TASK TO CARRY OUT:
Your answer should hold only the lines from the one containing "brand new rare" through the last line below, copied exactly; pictures stay out.

SUPPLIED MATERIAL:
----------

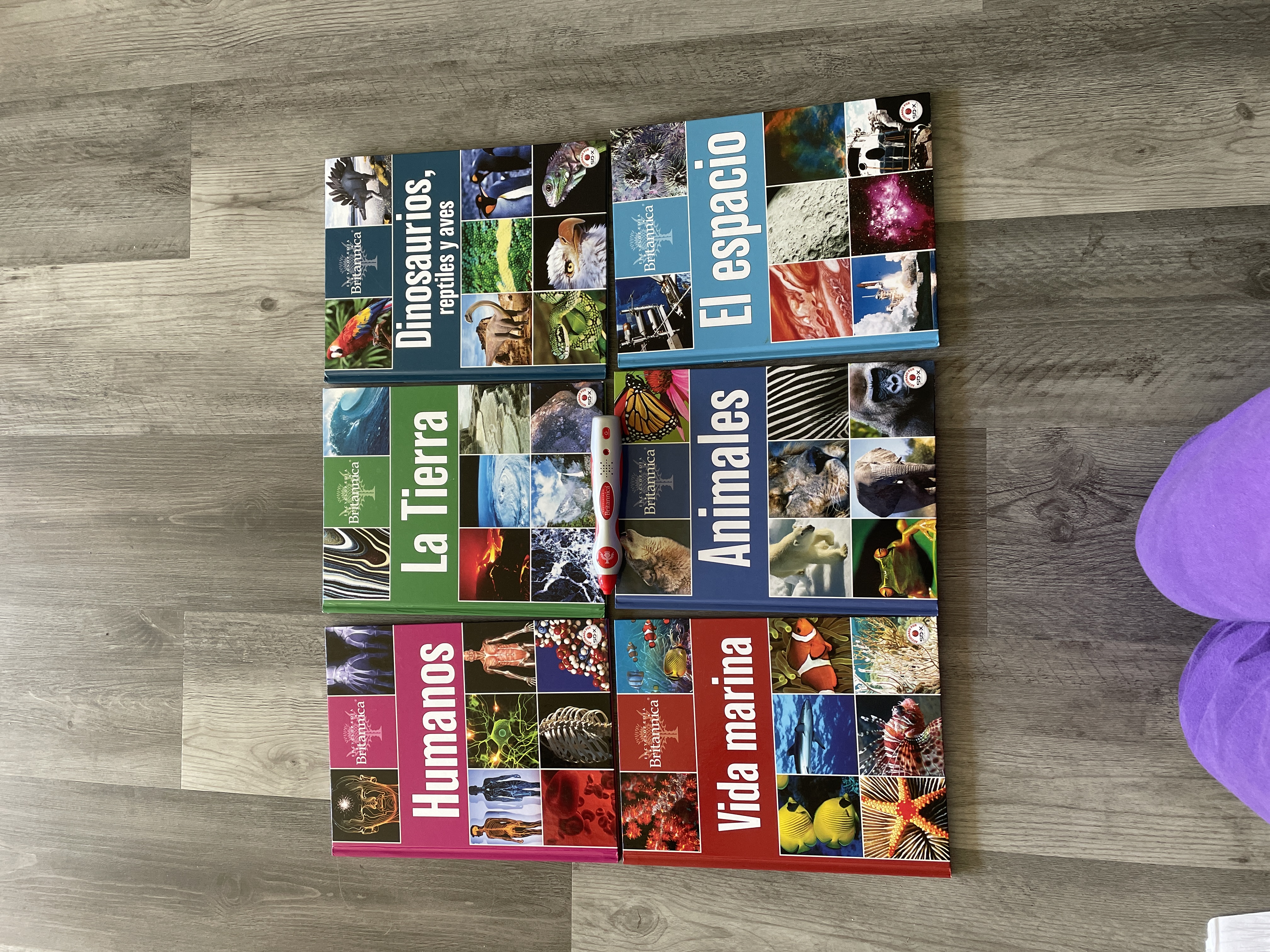 Encyclopaedia Britannica 6 book interactive | PangoBooks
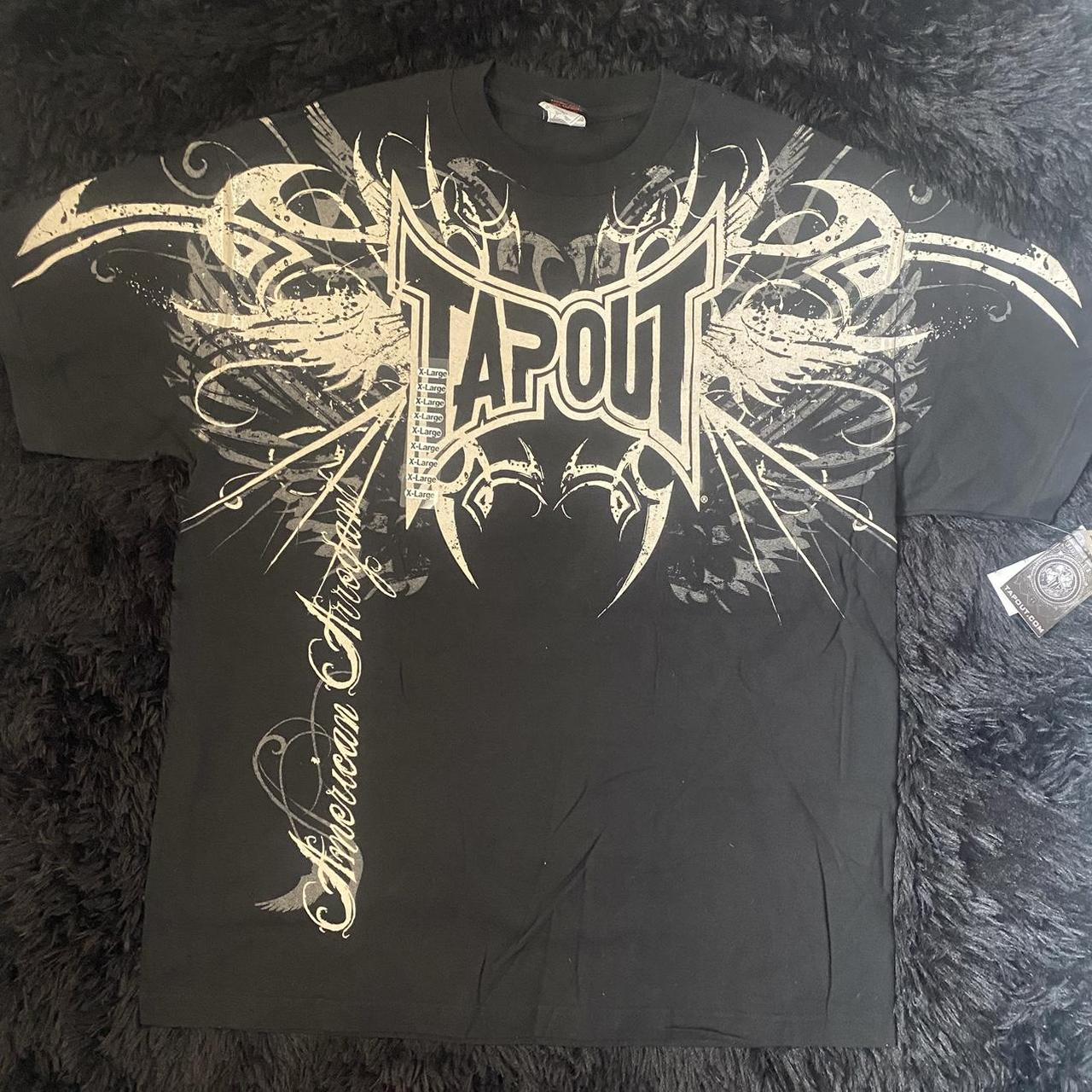 brand new rare tapout size xl with tag still on... - Depop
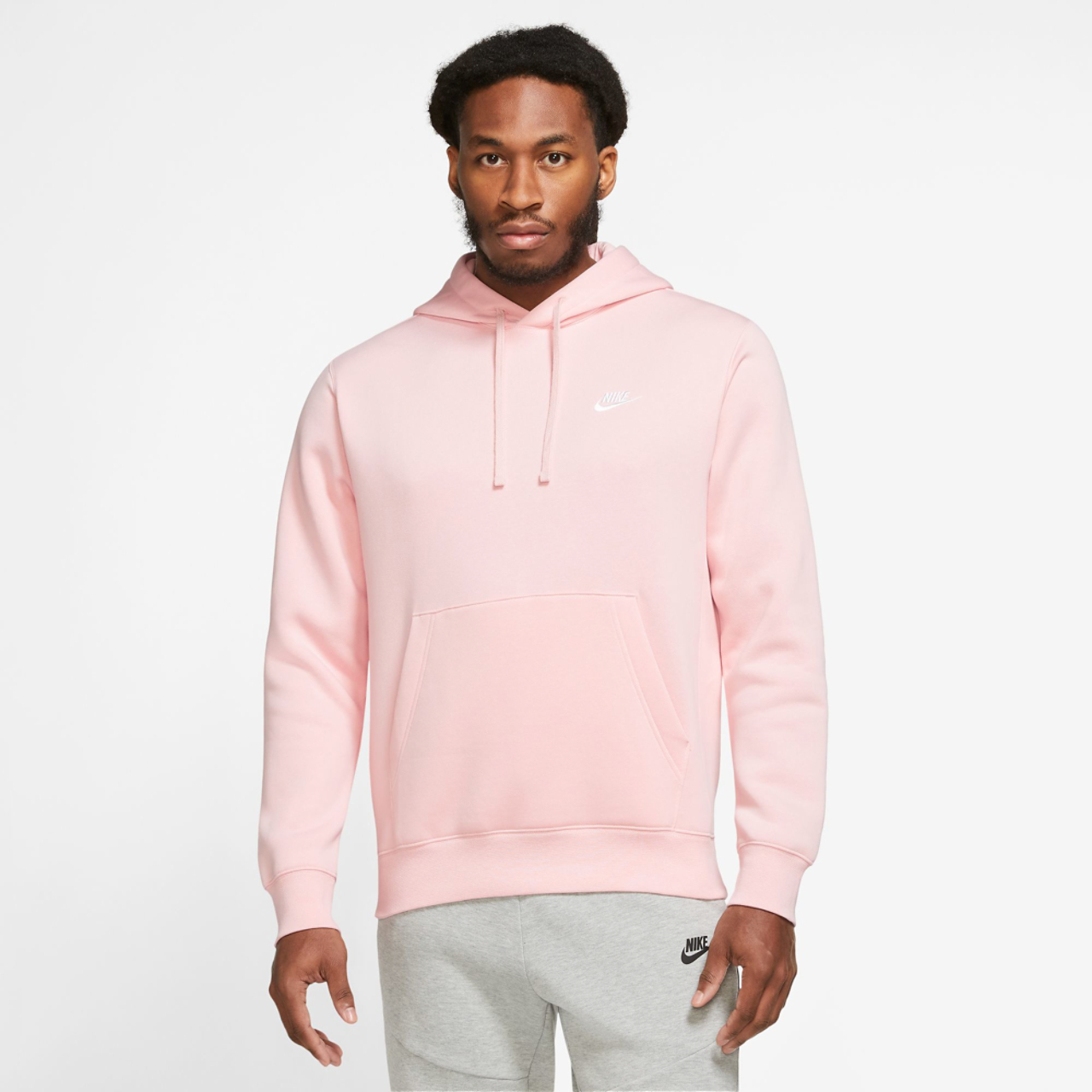 Nike Club Pullover Hoodie Image 1 of 2. Tap to open photo gallery.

----------

RESULT FOR THIS EXERCISE:
 brand new rare tapout size xl with tag still on... - Depop
 Nike Club Pullover Hoodie Image 1 of 2. Tap to open photo gallery.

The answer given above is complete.